All native components are called from Python via ctypes. The pattern is consistent:
# Load shared library once at module import
_lib = ctypes.CDLL("native/zig/orderbook/liborderbook.so")
# Declare argument and return types
_lib.book_add_order.argtypes = [ctypes.c_char_p, ctypes.c_double, ctypes.c_double, ctypes.c_int]
_lib.book_add_order.restype = ctypes.c_int
# Call in hot path
_lib.book_add_order(symbol.encode(), price, size, side)Error handling: all native functions return integer status codes (0 = success,
negative = error). Python wrappers raise RuntimeError on non-zero returns.

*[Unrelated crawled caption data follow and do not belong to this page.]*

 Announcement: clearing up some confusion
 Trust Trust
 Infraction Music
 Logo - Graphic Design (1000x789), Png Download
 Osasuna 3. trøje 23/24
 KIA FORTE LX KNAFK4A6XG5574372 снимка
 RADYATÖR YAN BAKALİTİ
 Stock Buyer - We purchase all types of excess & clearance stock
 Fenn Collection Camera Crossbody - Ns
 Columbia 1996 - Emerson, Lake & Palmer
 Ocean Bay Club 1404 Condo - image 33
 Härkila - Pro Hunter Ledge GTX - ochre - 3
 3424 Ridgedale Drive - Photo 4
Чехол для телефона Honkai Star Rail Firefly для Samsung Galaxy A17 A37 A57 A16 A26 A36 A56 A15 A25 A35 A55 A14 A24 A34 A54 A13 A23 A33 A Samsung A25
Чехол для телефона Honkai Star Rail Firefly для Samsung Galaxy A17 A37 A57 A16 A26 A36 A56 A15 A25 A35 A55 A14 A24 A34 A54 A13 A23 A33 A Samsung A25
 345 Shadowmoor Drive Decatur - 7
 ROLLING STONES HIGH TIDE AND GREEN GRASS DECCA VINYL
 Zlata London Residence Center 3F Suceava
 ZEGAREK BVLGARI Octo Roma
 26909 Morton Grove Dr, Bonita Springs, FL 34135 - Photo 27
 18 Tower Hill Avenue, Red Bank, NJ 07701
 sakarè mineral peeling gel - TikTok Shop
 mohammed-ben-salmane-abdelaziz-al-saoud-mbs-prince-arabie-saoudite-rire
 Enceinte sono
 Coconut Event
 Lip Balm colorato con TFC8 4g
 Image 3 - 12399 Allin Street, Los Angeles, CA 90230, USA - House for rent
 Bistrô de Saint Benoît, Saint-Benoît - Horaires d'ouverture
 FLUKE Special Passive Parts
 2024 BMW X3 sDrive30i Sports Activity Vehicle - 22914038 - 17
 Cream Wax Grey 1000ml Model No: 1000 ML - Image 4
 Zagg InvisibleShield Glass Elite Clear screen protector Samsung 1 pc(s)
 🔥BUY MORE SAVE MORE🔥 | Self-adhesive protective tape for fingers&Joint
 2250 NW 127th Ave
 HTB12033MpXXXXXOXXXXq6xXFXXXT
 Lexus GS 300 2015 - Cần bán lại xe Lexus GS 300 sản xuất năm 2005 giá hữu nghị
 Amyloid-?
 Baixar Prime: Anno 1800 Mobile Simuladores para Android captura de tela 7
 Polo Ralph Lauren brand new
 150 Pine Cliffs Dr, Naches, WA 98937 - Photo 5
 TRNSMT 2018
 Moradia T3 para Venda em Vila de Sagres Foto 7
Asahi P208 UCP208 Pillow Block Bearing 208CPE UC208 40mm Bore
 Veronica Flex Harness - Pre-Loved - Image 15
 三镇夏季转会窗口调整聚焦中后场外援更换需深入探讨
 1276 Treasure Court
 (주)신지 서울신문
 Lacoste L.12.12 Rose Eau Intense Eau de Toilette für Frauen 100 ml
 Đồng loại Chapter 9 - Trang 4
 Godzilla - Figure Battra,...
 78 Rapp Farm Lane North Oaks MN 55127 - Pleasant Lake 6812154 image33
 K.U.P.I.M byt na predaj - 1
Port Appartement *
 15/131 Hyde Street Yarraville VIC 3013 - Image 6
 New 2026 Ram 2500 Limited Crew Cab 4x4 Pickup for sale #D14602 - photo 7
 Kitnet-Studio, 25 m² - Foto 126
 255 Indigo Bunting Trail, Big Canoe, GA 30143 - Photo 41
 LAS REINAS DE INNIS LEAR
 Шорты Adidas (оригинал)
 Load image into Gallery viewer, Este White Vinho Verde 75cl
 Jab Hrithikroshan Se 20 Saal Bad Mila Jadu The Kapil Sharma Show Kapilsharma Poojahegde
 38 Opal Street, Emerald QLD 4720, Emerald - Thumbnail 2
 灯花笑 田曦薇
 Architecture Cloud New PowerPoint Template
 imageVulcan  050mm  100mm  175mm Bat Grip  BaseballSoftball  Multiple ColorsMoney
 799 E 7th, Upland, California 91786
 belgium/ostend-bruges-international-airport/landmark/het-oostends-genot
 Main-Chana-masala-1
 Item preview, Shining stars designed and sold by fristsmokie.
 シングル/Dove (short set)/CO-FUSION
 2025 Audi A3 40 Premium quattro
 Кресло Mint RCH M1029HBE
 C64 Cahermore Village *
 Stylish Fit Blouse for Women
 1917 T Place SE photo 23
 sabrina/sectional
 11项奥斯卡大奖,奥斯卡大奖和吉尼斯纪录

| Component | Operation | Latency |
|---|---|---|
| ITCH 5.0 decoder | Full message parse | ~40ns |
| Zig L2 book | Add/cancel | ~180-190ns |
| Zig L2 book | Best bid/ask read | ~15ns |
| C L3 book | VWAP walk (21 levels) | ~850ns |
| SIMD matmul | 21x21 double matrix | ~2.1us |
| Ring buffer | Push + pop round trip | ~5.5ns |
For comparison, a Python function call overhead is ~50-100ns, and a SQLite read from WAL is ~10-50us. The native layer is relevant only for the sub-microsecond operations that appear in the critical path.
| Layer | Use when |
|---|---|
| Zig/C native | Sub-microsecond latency required, called from Python in tight loop |
| C++ signal engine | Sustained throughput for bar processing, SIMD indicator computation |
| Rust crates | Parallel batch computation (backtests, MC simulation, genome evolution) |
| Python | Anything that is not latency-critical, most of the live trader |
The live trader's hot path (15-minute bar processing) is Python. At 15-minute resolution there is no need for native latency. The native layer matters for the orderbook spread check (called on every order) and potential future tick-level signal computation.